THE TASK: Below are some records; quote exactly the lines from the one that contains "Jeremias ISO-LINE Wandrosette" through the one that contains "FootJoy Women's Limited", inclusive, and no others.

SUPPLIED INFORMATION:
────────────────

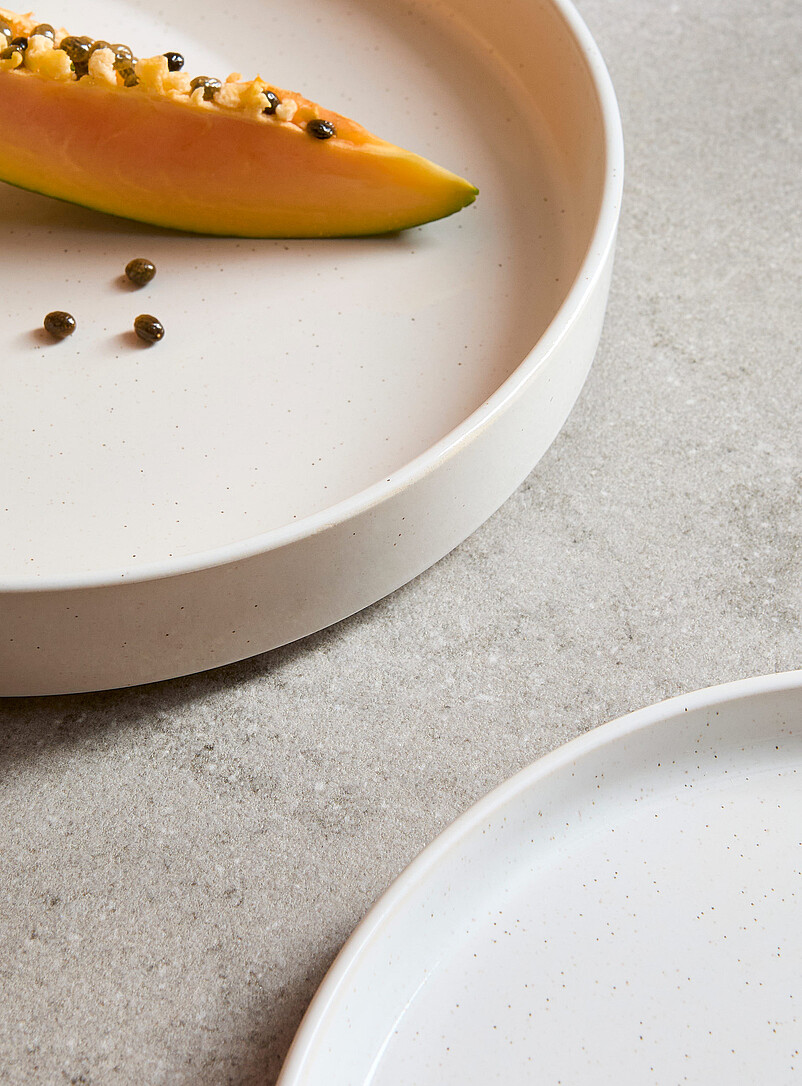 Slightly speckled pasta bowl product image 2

────────────────

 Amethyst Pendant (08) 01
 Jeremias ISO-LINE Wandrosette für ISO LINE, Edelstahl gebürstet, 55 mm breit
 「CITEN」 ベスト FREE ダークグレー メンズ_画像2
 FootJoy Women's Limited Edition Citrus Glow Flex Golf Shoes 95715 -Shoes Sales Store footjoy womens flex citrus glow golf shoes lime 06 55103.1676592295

────────────────

RESPONSE:
 Jeremias ISO-LINE Wandrosette für ISO LINE, Edelstahl gebürstet, 55 mm breit
 「CITEN」 ベスト FREE ダークグレー メンズ_画像2
 FootJoy Women's Limited Edition Citrus Glow Flex Golf Shoes 95715 -Shoes Sales Store footjoy womens flex citrus glow golf shoes lime 06 55103.1676592295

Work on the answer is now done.